A: There are limitations of options.prefix_extractor. If prefix iterating is used, doesn't support Prev() or SeekToLast(), and many operations don't support SeekToFirst() either. A common mistake to seek the last key of a prefix by calling Seek(), followed by Prev(). This is, however, not supported. Currently there is no way to find the last key of prefix with prefix iterating. Also, you can't continue iterating keys after finishing the prefix you seek to. In the places where those operations are needed, you can try to set ReadOptions.total_order_seek = true to disable prefix iterating.

Q: How much resource does an iterator hold and when will these resource be released?

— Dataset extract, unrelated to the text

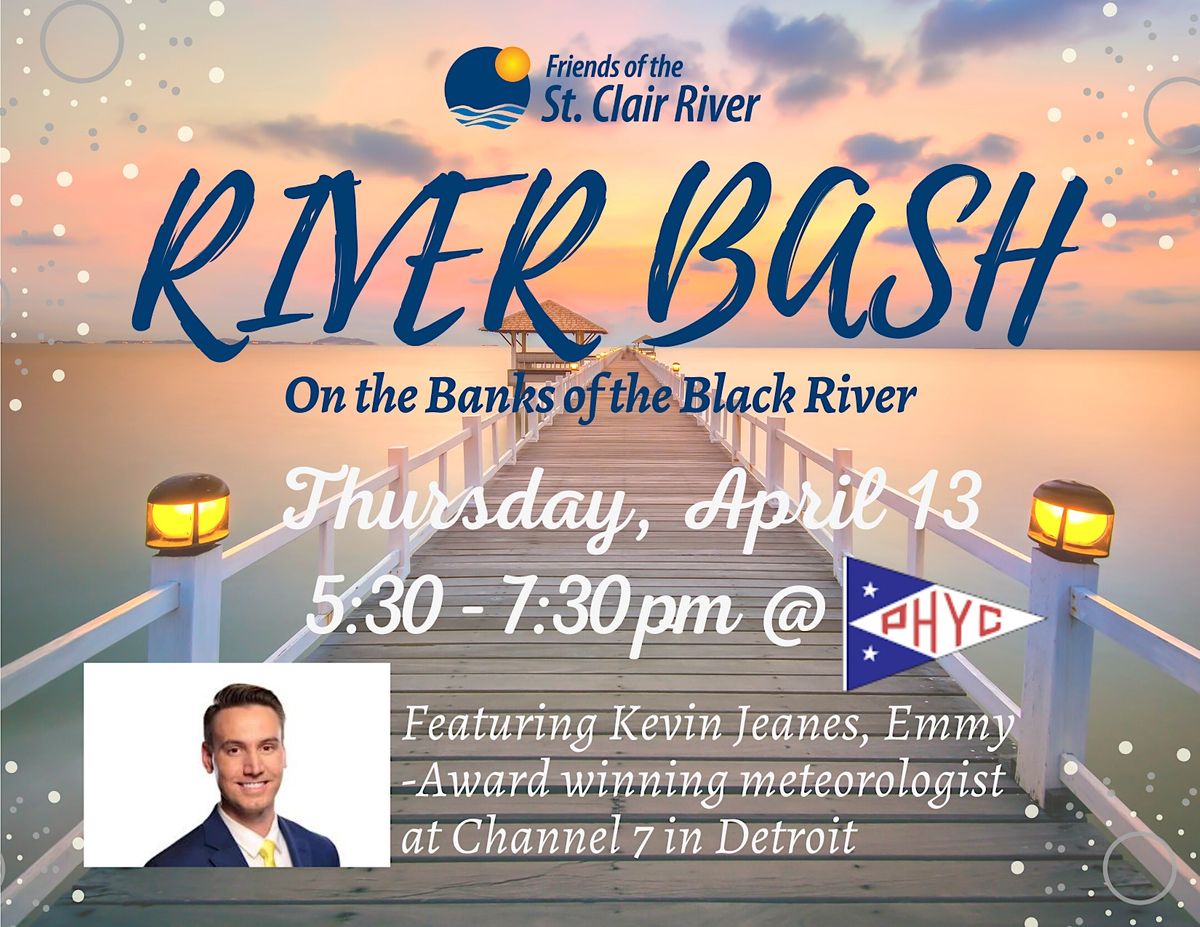 River Bash 2023 Port Huron Yacht Club April 13, 2023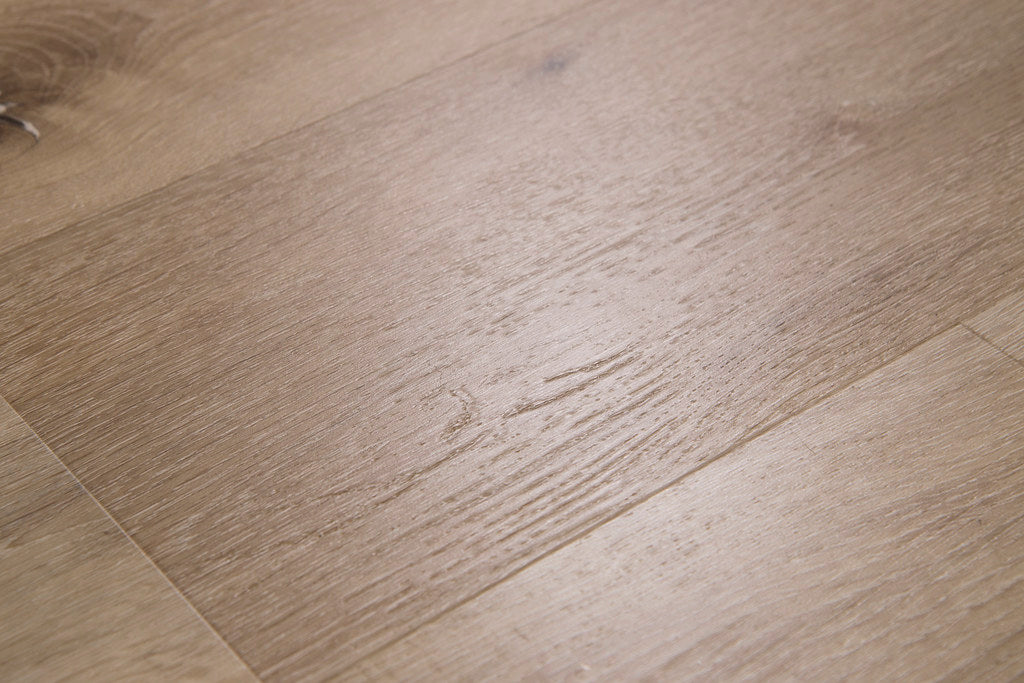 Cali Vinyl Pro - Aged Hickory Windansea Wide+ Click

A: Iterators hold both data blocks and memtables in memory. The resource each iterator holds are:

  1. The data block in memory that the iterator is currently pointing to for each L0 SST file.
  2. The data block in memory that the iterator is currently pointing to for each non-level-0 SST file.
  3. The memtables that existed when the iterator was created, even after the memtables have been flushed.
  4. All the SST files on disk that existed when the iterator was created, even if they are compacted.

These resources will be released when the iterator is deleted. If forward iterator is used, then it will release resources when it's moving its cursor.

Q: Can I put log files and sst files in different directories? How about information logs?

A: Yes. WAL files can be placed in a separate directory by specifying DBOptions::wal_dir, information logs can as well be written in a separate directory by using DBOptions::db_log_dir.

Q: Are bloom filter blocks of SST files always loaded to memory, or can they be loaded from disk?

A: The behavior is configurable. When BlockBaseTableOptions::cache_index_and_filter_blocks is set to true, then bloom filters and index block will be loaded into a LRU cache only when related Get() requests are issued. In the other case where cache_index_and_filter_blocks is set to false, then RocksDB will try to keep the index block and bloom filter in memory up to DBOptions::max_open_files number of SST files.

Q: If issue a Put() or Write() with WriteOptions.sync=true, does it mean all previous writes are persistent too?

A: Yes, but only for all previous writes with WriteOptions.disableWAL=false.

Q: I disabled write-ahead-log and rely on DB::Flush() to persist the data. It works well for single family. Can I do the same if I have multiple column families?

A: No, currently DB::Flush() is not atomic across multiple column families. We do have a plan to support that in the future.

Q: If I use non-default comparators or merge operators, can I still use ldb tool?

A: You cannot use the regular ldb tool in this case. However, you can build your custom ldb tool by passing your own options using this function rocksdb::LDBTool::Run(argc, argv, options) and compile it.